Dataset –
+--

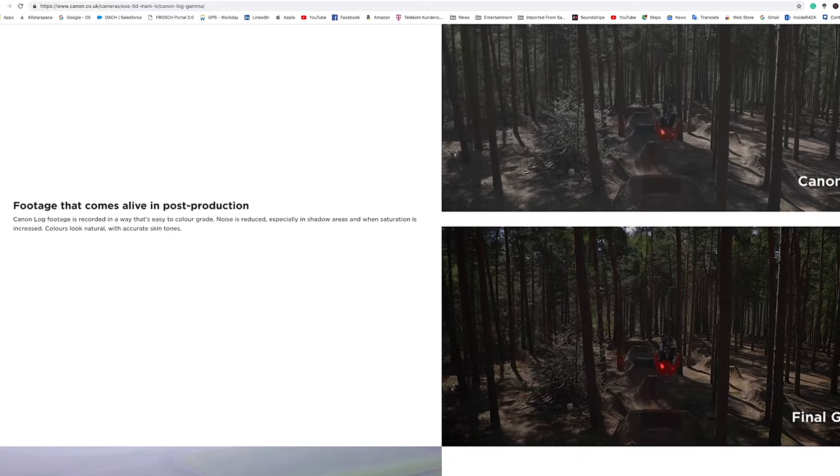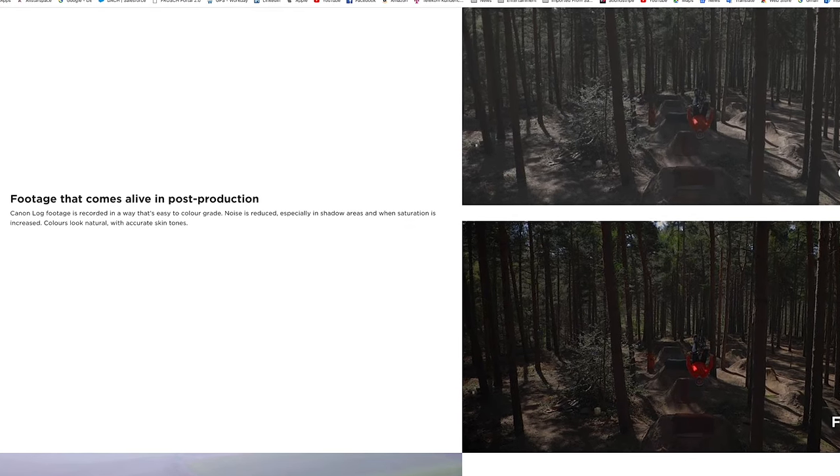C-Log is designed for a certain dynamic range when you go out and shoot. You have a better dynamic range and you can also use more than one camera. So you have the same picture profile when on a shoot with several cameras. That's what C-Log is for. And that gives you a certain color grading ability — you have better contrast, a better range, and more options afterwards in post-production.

+--

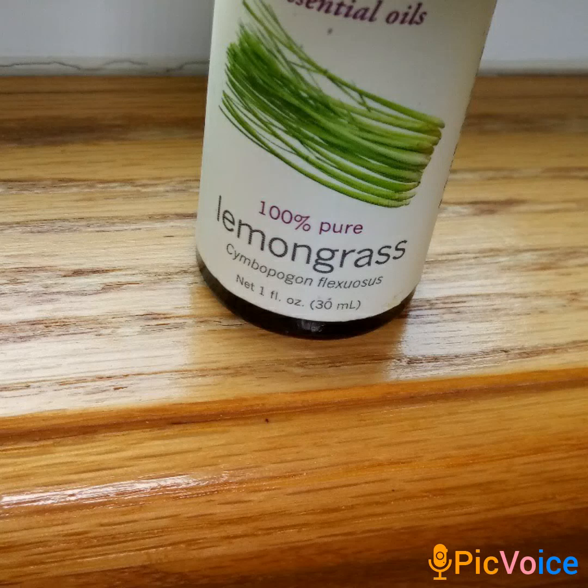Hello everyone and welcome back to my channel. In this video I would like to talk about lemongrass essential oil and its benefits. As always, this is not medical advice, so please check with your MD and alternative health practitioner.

+--

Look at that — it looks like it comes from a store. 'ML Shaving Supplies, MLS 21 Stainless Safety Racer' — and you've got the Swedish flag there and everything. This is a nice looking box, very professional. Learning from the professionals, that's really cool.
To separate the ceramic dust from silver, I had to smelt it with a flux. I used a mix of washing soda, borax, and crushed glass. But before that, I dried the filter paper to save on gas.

+--

Exercise prompt –
Please copy each line of the material that has the string "from" somewhere in it.

Problem solution –
Look at that — it looks like it comes from a store. 'ML Shaving Supplies, MLS 21 Stainless Safety Racer' — and you've got the Swedish flag there and everything. This is a nice looking box, very professional. Learning from the professionals, that's really cool.
To separate the ceramic dust from silver, I had to smelt it with a flux. I used a mix of washing soda, borax, and crushed glass. But before that, I dried the filter paper to save on gas.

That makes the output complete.